Stepping out of your mom’s sedan, your feet hit the gravel of the driveway. You look around you and you can’t help, but let a small smile slip onto your lips. “Did you miss it?” your mom questions.
The environment of the North Side just made a million memories flood back into your brain and you laughed to yourself. Blowing bubbles on your front stoop with Betty, running away from Reggie and Moose, giggling like crazy. All of it brought back this light. “So much,” you look at your mom who kisses your forehead. “I can’t believe the old house was for sale,” you shake your head, grabbing luggage from the trunk.
You had moved from Riverdale when you were ten years old in order for your dad to accept a job offer. However, the job was in California which was a long way away from Riverdale. Your ten year old self was devastated. Leaving behind your best friends and school for a place you had never even known was horrifying. But your parents reassured you that you and your friends could still chat through the internet and be pen pals–if you were lucky, maybe they could book a flight so you could meet up during a break. Yet none of it was the same. So, you grudgingly packed your bags and left for California.

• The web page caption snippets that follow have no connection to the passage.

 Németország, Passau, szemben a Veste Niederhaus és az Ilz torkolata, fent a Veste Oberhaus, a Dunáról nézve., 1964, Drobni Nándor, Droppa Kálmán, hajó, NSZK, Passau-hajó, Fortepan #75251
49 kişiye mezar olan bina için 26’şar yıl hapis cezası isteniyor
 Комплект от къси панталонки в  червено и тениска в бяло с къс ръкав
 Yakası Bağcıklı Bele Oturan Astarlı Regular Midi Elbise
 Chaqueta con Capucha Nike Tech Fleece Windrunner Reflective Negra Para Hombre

California was great. It’s sunny days and warm rays were always pleasing to wake up to rather than Riverdale’s cloudy gloom. But the one thing, or one person, that California didn’t have that Riverdale did was your best friend, Sweet Pea. Sweets lived on the South Side of Riverdale, the other side of the tracks. The North Side’s perception of the South Side was that it should have been exterminated long ago. The South Side was dangerous, no doubt about it, but it was a lot of families’ homes. No one could or should take that away from them. Your parents told you to never go to the South Side, and you obeyed them. What they couldn’t prevent was the South Side coming to you.
It was like it all happened yesterday. You remember playing on the school’s playground when you were younger with Betty and her older sister, Polly, watching over you two as you played. Polly left to use the bathroom, leaving you and Betty to your devices. As you played on the playground, there were two boys that came over who didn’t dress like they were from the North Side. Both wore flannels and had on dirty jeans. “I don’t know who you guys are,” you spoke to them innocently as one of them smiled.

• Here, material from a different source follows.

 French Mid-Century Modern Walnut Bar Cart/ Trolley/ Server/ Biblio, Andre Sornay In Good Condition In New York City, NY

The bigger one of the two spoke back, “You don’t have to know, shortie.” He made a reference to your short height compared to his almost foot taller stature. You stomped your foot, demanding that you had to know who he was as Betty watched timidly. “Doesn’t matter shortie.”
And with that, you stomped on his foot as he let out a cry in pain. “Tell me and maybe I’d let you play with us!”
The boy just laughed, “We are gonna be good friends, shortie.”